01 - Whisk together olive oil, lime juice, garlic, smoked paprika, cumin, chili powder, oregano, salt, and pepper in a large bowl. Add flank steak and toss to coat thoroughly. Cover and refrigerate for at least 20 minutes, up to 2 hours for deeper flavor penetration.
02 - Heat grill or grill pan over high heat until properly preheated. Remove steak from marinade and allow excess to drip off.
03 - Place steak on preheated grill and cook for 4–5 minutes per side for medium-rare doneness, adjusting time to reach preferred internal temperature. Transfer to cutting board, tent loosely with foil, and rest for 5 minutes.
04 - While steak rests, heat 1 tablespoon olive oil in large skillet over medium-high heat. Add sliced peppers and onions, season with salt and pepper, and sauté until tender-crisp with slight charring, approximately 6–8 minutes.

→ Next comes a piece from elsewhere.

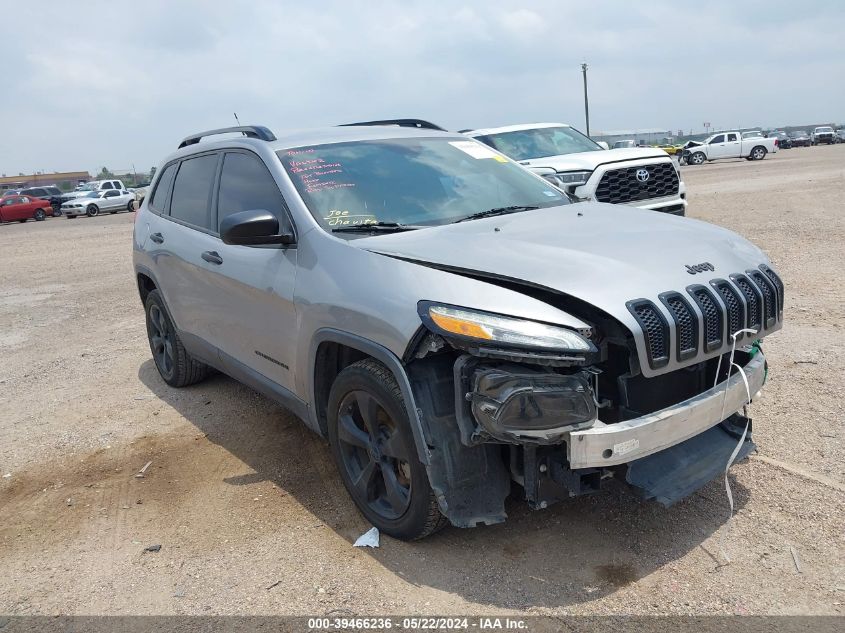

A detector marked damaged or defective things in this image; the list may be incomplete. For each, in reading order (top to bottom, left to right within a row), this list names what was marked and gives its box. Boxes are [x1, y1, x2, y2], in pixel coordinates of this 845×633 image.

broken headlight housing [420, 304, 592, 354]
damaged front bumper [568, 350, 764, 470]
damaged bumper bracket [568, 350, 764, 470]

05 - Heat tortillas on grill or in dry skillet for 30 seconds per side until pliable and warm.
06 - Cut rested steak thinly across the grain for optimal tenderness.
07 - Arrange grilled steak slices with sautéed peppers and onions on large serving platter. Accompany with warmed tortillas, avocado slices, sour cream, fresh salsa, cilantro, and lime wedges for diners to build their own fajitas.